画面裁剪是摄影技术的后端工作,包括裁剪和拼接,裁剪是指将多余的部分按比例去掉,而拼接则是将不同的照片贴合在一起。在二十世纪初的中国,兴起了一股“王尔德热”。唯美主义脱胎于浪漫,认为“为艺术而艺术”,唯美主义对郁达夫的创作理念有着深刻的影响。郁达夫笔下的秋天同样散发着唯美的艺术气息。
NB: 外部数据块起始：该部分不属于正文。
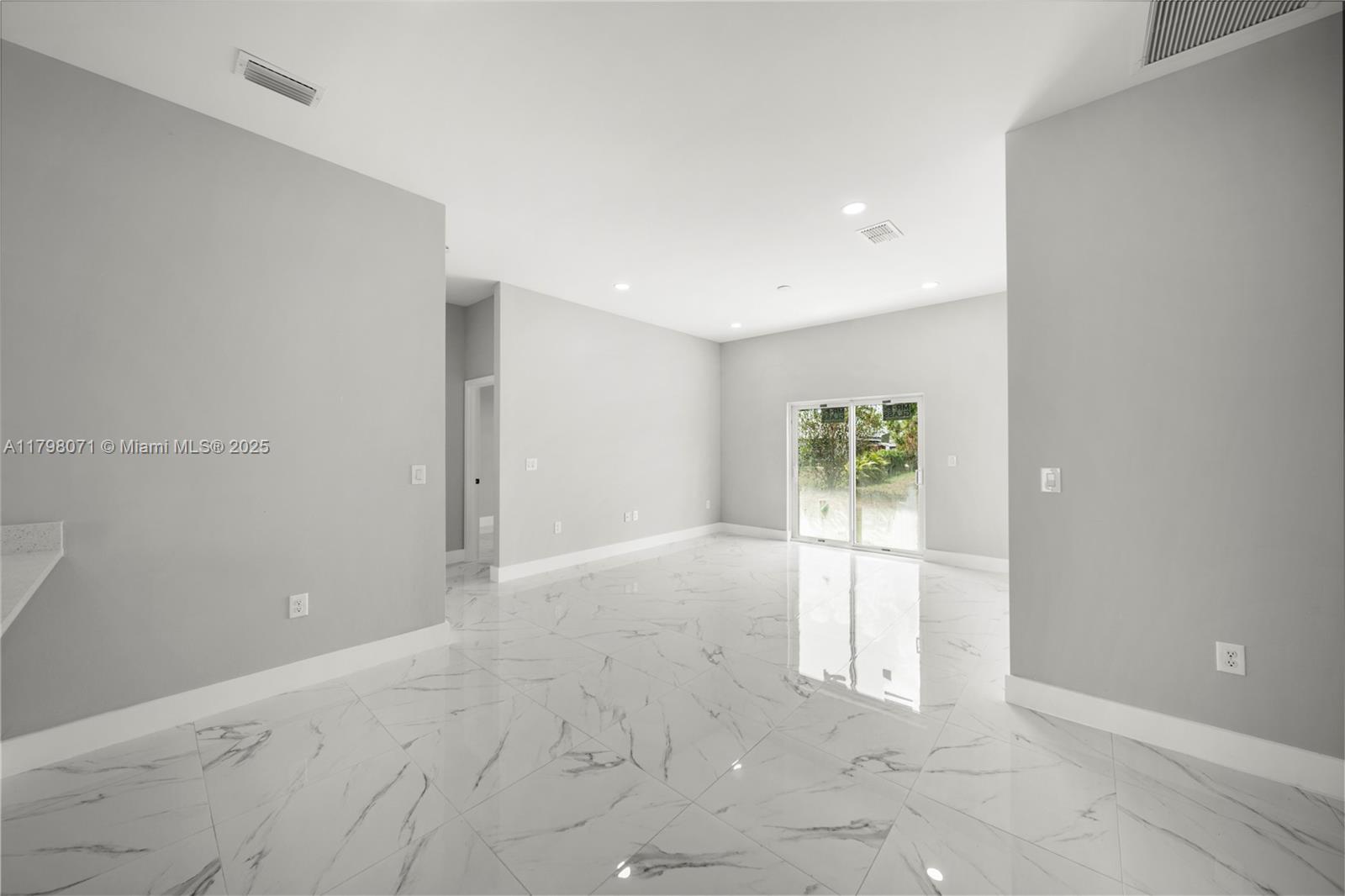 740 Newhall St E, Lehigh Acres, Florida image 7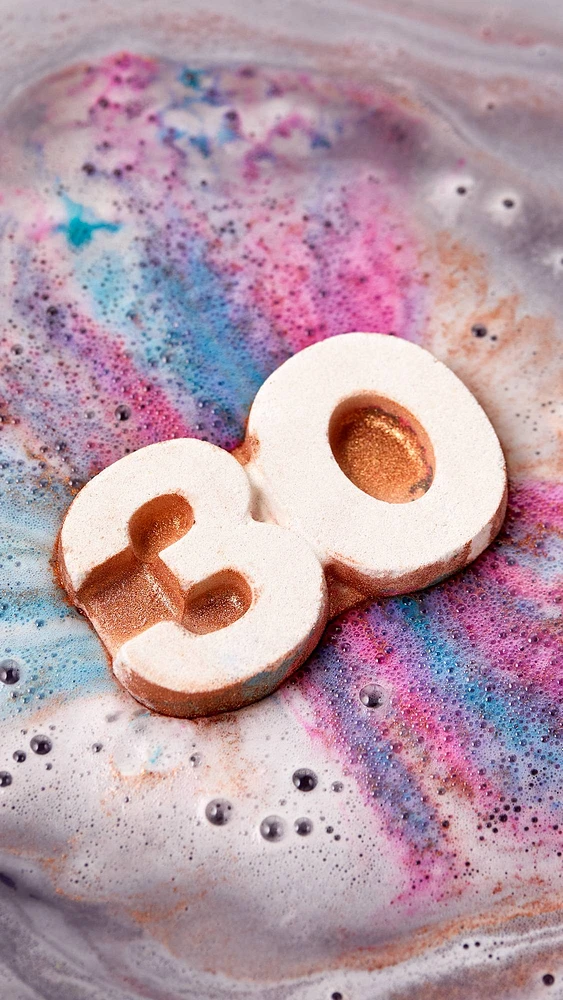 Celebrate 30 Bath Bomb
画面的有序之美。郁达夫在《艺术与国家》中说过:“承认美的追求是艺术的核心。”文中第三段,郁达夫对北京秋天的美的追求是:“陶然亭的芦花,钓鱼台的柳影,西山的虫唱,玉泉的夜月,潭柘寺的钟声。”其中,陶然亭位于城南,钓鱼台位于城北,西山、潭柘寺位于城西,玉泉位于城东,东南西北一应俱全,并且,郁达夫每一个景点都只是取了其中最具秋意的景物,将花、柳、月、钟、虫五种赏秋诗歌中最常见的物象拼接于一体,体现了一种有序之美。通过先剪景点,后剪景物,最终的贴合的方式,形成了一幅唯美的贴画。而同样的排比方式,在文中倒数第二段:“廿四桥的明月,钱塘江的秋潮,普陀山的凉雾,荔枝湾的残荷。”谈及南国之秋时,则没那么考究。这应该与作者对南国和北国秋天不同的个人情感是分不开。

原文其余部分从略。